Question

In Exercises \(25-46,\) use substitution to evaluate the integral. $$\int \frac{40 d x}{x^{2}+25}$$

Short answer

The solution to \(\int \frac{40 dx}{x^{2}+25}\) is \(\frac{8x}{5} + C\).

Step-by-step solution

Substitution

Let's make a substitution. Let \(x = 5\tan(\theta)\). Now the next step is to differentiate x with respect to \(\theta\). This gets \(\frac{dx}{d\theta} = 5\sec^2(\theta)\), or \(dx = 5\sec^2(\theta)d\theta\).

Transform the Integral

Substituting these into the integral, we get \(\int \frac{40 dx}{x^2 + 25} = \int \frac{40*5\sec^2(\theta) d\theta}{(5\tan(\theta))^2 + 25}\).
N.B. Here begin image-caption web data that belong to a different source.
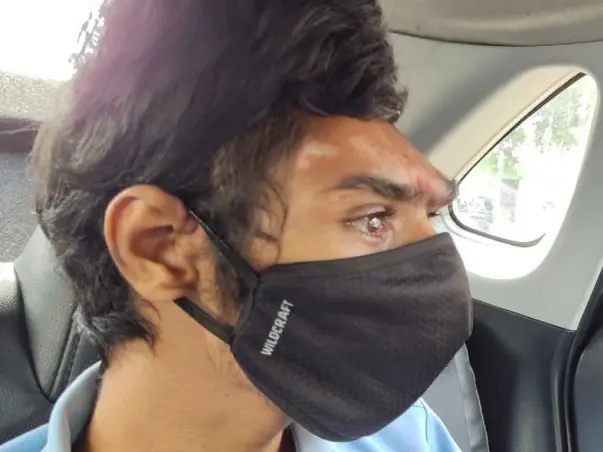 Help My Brother Undergo Brain Surgery.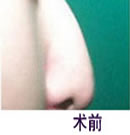 北京清木鼻翼整形前后对比图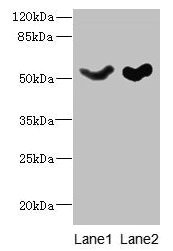 SLC25A25 Antibody - Western blot All lanes: SLC25A25 antibody at 10µg/ml Lane 1: Mouse liver tissue Lane 2: Mouse brain tissue Secondary Goat polyclonal to rabbit IgG at 1/10000 dilution Predicted band size: 53, 56, 57, 55, 41 kDa Observed band size: 53 kDa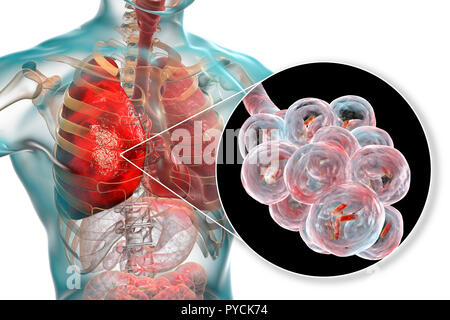 Una polmonite batterica. Computer illustrazione di a forma di asta (batteri bacilli) negli alveoli dei polmoni, causando una infezione dell'apparato respiratorio inferiore. Questo è più generalmente noto come polmonite, sebbene tale termine può anche essere riservati per specifici tipi di infezione. Gravi infezioni polmonari sono diagnosticati da raggi X e trattati con antibiotici. Gli alveoli sono il sito di scambio gassoso tra l'aria nei polmoni e nel sangue. Foto Stock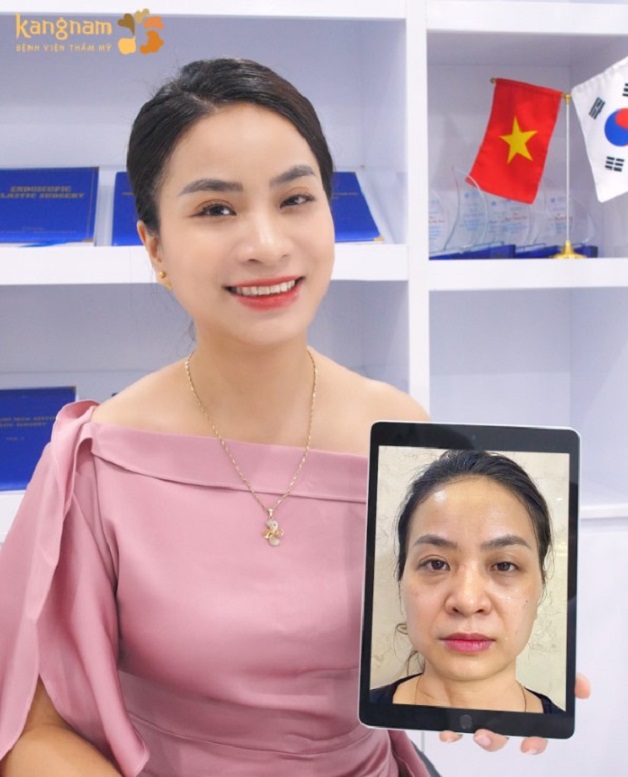 Khách hàng rạng rỡ, hài lòng với kết quả sau căng da mặt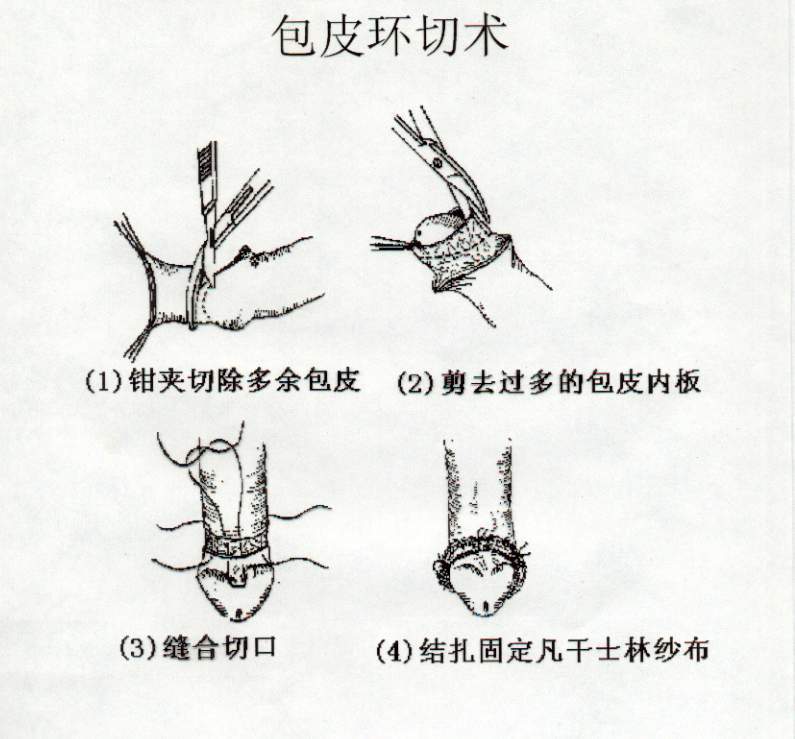 现代医疗革新，包皮手术最新技术探索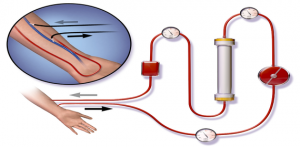 medical device, medical device manufacturing, tijuana manufacturing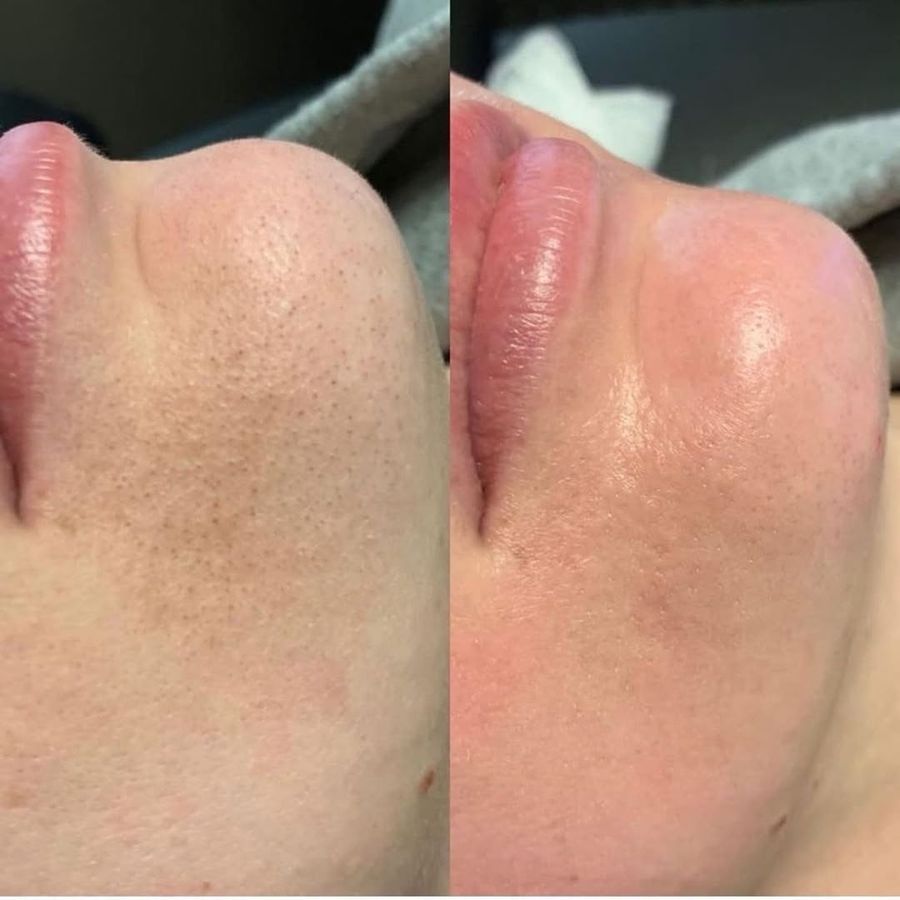 HydraFacial before and after result 5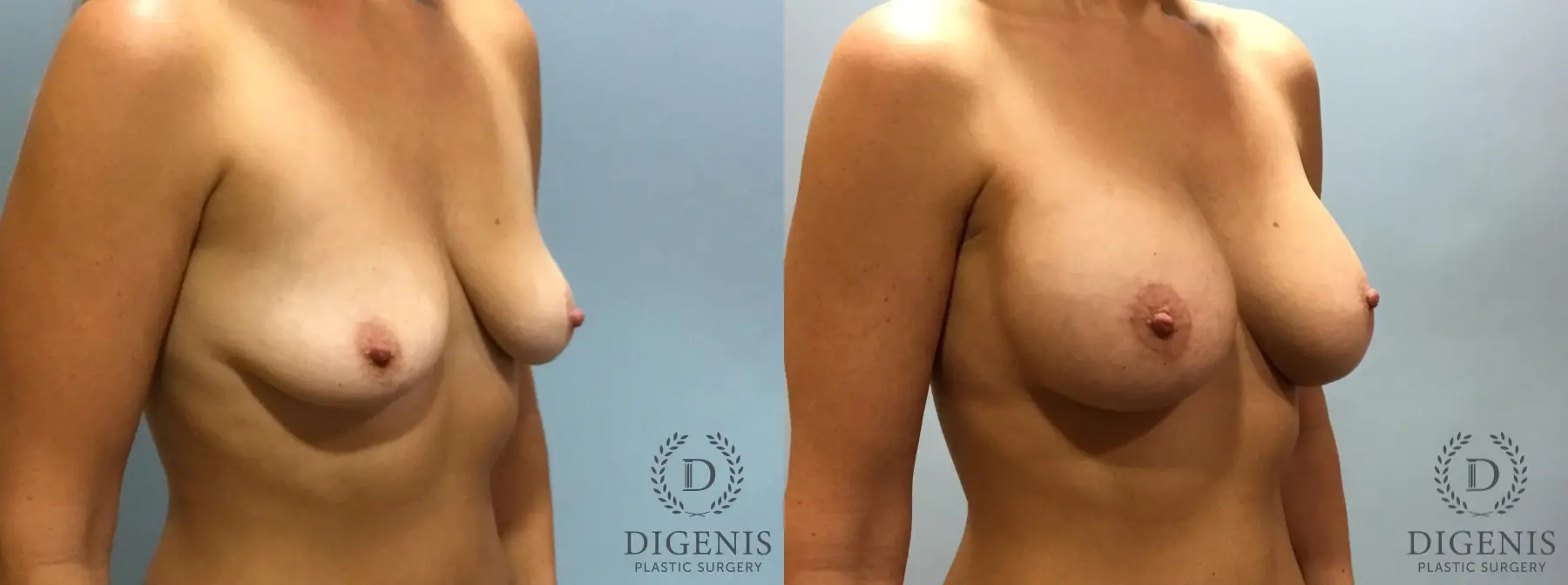 Breast Lift With Implants: Patient 5 - Before and After 2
Now simplify this to \(\int 8\sec^2(\theta) d\theta\).

Integration

Now we need to integrate this. Recognizing \(\sec^2(\theta)\) as the derivative of \(\tan(\theta)\), the integral of 8sec²(\(\theta\)) \(d\theta\) is 8tan(\(\theta\)) + C.

Substitute back

Substituting the original variable back, we substitute \(x = 5\tan(\theta)\) to get \(\frac{8x}{5} + C\).